## [WORK INSTRUCTIONS]
Each line in the material below, starting at the one that contains "Dolce & Gabbana" and ending at the one that contains "Nástenná lampa Veronka 34164WW KD1 vyobraziť", should be repeated exactly; the pictures should not.

## [MATERIALS PROVIDED]
-*-

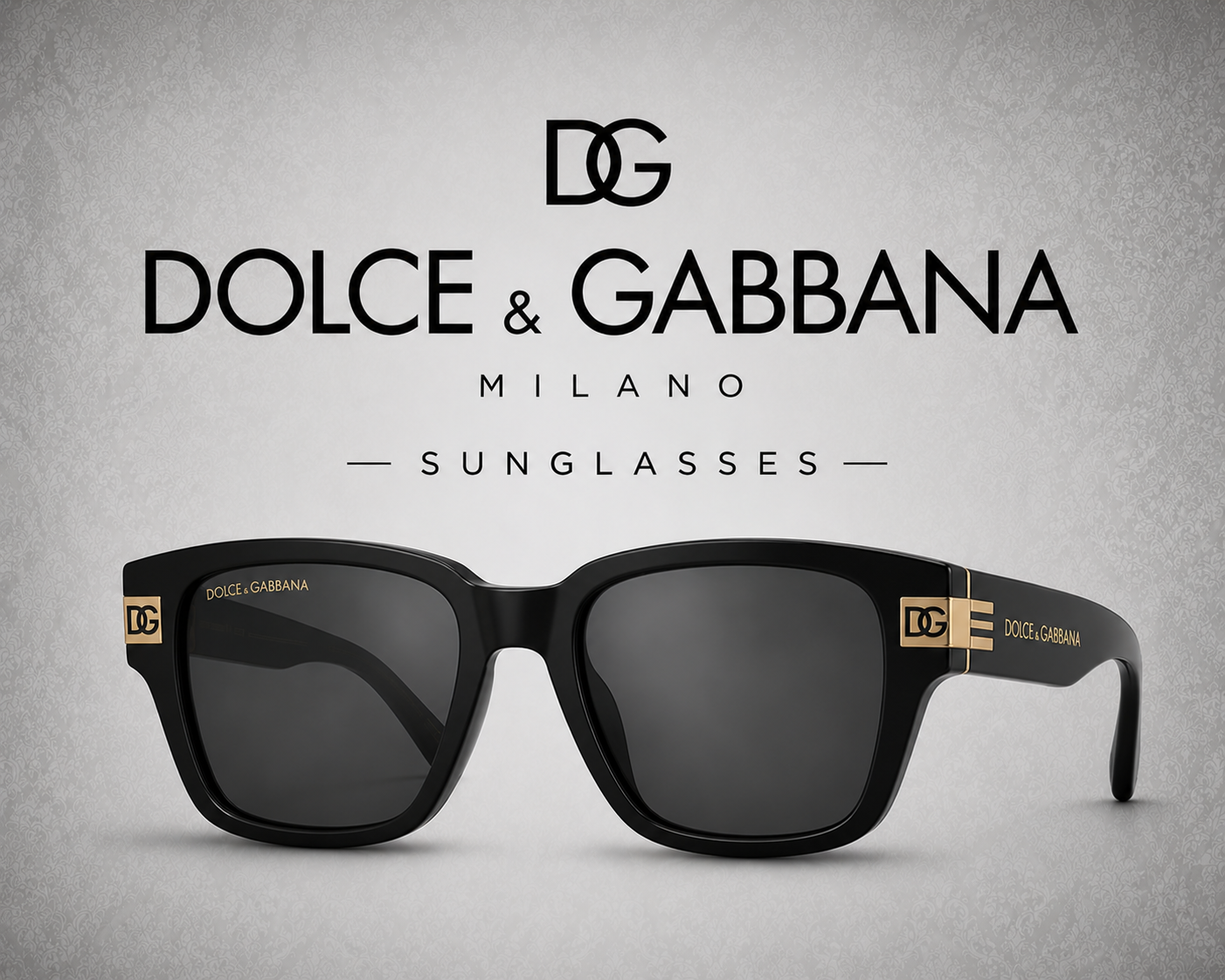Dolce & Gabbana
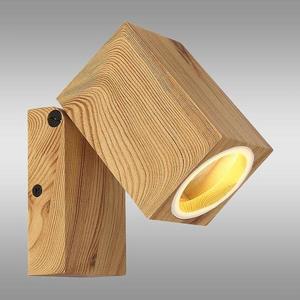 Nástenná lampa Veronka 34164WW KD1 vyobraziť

-*-

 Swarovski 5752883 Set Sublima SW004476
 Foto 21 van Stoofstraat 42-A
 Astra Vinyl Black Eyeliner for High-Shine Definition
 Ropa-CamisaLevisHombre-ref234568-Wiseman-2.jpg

-*-

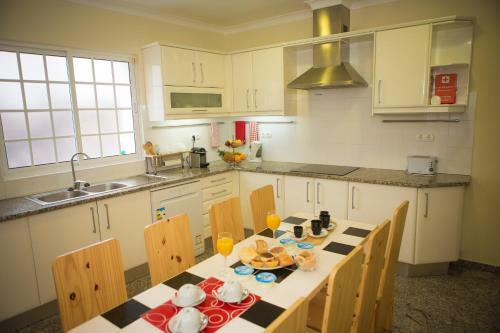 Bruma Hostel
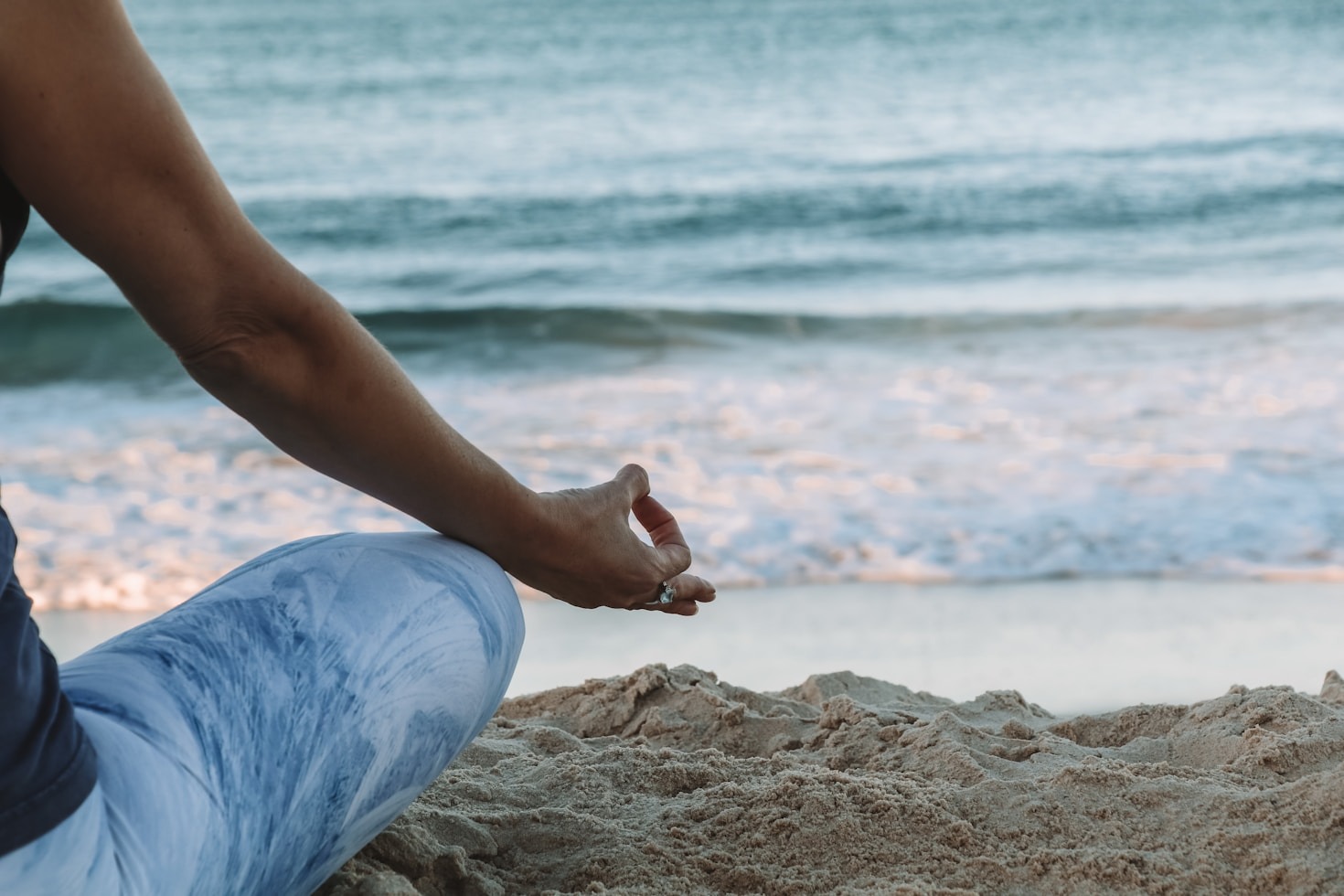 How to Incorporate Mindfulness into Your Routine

-*-

## [ANSWER TO THIS TASK]
Dolce & Gabbana
 Nástenná lampa Veronka 34164WW KD1 vyobraziť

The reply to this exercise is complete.